Y ahora que

El país especula sobre el plan económico del Gobierno. La reducción anual del déficit fiscal, la reducción del tamaño del Estado, la recuperación económica, el aumento de la productividad y de las plazas de trabajo, son algunas de las ofertas del régimen. ¿Cuánto de todo ello se logrará y en qué medida? Su éxito, por limitado que llegare a ser, requerirá de disciplinado y sincero esfuerzo de los sectores público y privado. Estamos obligados a ser optimistas ante la simple expectativa de que este Gobierno se diferenciará del de Correa y que el país despierte al desarrollo. Sin embargo, existe un compromiso cívico y ético que Moreno asumió al prometer luchar hasta el final contra la corrupción instalada en el régimen anterior. Enfrascarse en el plan anunciado y frenar la lucha contra la corrupción sería faltar a la proclamada ética e incurrir en la misma permisividad que Moreno criticó en Correa. Lo que es peor, se allanaría el camino para el eventual retorno de quienes implantaron un sistema de gobierno repudiable.

La presidencia de una república exige versatilidad y permanente sacrificio. Conlleva una honrosa y dignificante servidumbre que le impide desmayar en las tareas exigidas por la ética política y la moral pública. Diez meses con Moreno han servido para conocer su humanista discurso y, salvo prueba en contrario, debemos pensar que sus palabras han sido honestas y que su oferta de dar lo mejor de sí mismo es cierta.

Tomemos un caso puntual de corrupción que no puede ser desatendido: hace un par de meses se conoció que dieciséis mil -¡sí, 16.000!- licencias profesionales de manejo habrían sido emitidas fraudulentamente. Anularlas de inmediato era un imperativo moral y demandar su castigo a los involucrados era actuar con sujeción a la juridicidad de un Estado de derecho. Las identidades de los servidores deshonestos y de los beneficiarios del fraude debieron conocerse para haber podido llegar a esa calificación. Y algo más grave: a esa muestra de corrupción motivada por la voracidad económica debe sumarse una funesta realidad: hay más de ochenta muertes acaecidas este año por impericia de sus conductores. ¿Cuántos de estos obtuvieron fraudulentamente sus licencias de manejo? ¿Cuántas víctimas hubo en años anteriores? El caso, sin embargo, parece haber caído en un incomprensible olvido, pese a su gravedad y a que revela la existencia de una mafiosa organización delictiva al interior de organismos del Estado. La abultada cifra de licencias fraudulentas induce a suponer una corrupción estructural, contra la que no se ha iniciado aún “lucha” alguna.

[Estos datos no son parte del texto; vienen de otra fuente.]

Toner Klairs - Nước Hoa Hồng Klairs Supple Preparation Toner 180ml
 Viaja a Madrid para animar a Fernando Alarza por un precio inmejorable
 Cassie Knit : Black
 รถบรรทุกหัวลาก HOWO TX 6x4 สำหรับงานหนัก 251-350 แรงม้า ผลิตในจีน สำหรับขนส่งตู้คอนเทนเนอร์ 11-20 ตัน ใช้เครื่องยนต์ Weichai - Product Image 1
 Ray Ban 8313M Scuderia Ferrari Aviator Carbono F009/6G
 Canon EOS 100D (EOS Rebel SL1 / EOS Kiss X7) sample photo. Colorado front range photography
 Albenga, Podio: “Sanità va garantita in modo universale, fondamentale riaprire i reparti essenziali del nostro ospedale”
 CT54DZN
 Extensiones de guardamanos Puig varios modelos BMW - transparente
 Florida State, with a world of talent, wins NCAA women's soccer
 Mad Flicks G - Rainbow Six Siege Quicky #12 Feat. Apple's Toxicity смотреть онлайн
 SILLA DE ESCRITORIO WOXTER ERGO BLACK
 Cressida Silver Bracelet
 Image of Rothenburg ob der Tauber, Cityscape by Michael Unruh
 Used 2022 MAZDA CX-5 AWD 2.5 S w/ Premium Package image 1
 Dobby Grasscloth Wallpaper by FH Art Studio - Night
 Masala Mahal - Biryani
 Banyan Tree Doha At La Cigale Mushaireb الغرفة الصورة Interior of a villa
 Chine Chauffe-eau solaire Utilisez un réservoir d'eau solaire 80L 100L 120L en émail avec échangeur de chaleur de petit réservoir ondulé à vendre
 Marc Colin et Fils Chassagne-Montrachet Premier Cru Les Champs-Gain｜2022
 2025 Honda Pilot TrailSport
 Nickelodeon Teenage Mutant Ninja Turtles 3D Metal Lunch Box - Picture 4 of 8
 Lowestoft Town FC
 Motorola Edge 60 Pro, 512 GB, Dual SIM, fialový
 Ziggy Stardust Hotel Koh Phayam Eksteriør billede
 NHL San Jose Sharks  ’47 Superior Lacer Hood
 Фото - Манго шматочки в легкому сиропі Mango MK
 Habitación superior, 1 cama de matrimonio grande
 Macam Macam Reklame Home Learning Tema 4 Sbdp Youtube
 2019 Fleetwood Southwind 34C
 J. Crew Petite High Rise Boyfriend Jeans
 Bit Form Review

Hablando de vidas humanas, no importa saber cuántas fueron las víctimas. Basta una sola para que la figura delictiva nazca y no debemos esperar cifras espeluznante para decidirnos a actuar. La evaluación anunciada abarcará a cientos de miles de conductores y constituye una operación preventiva y depuradora de la idoneidad actual de estos, pero es un tema independiente al de las sanciones que deben imponerse por la infracción penal antes narrada. Vidas humanas han sido segadas como resultado de la institucionalizada coima, pero el verdadero final que le corresponde debe ser el del castigo, sin olvidos ni permisividades.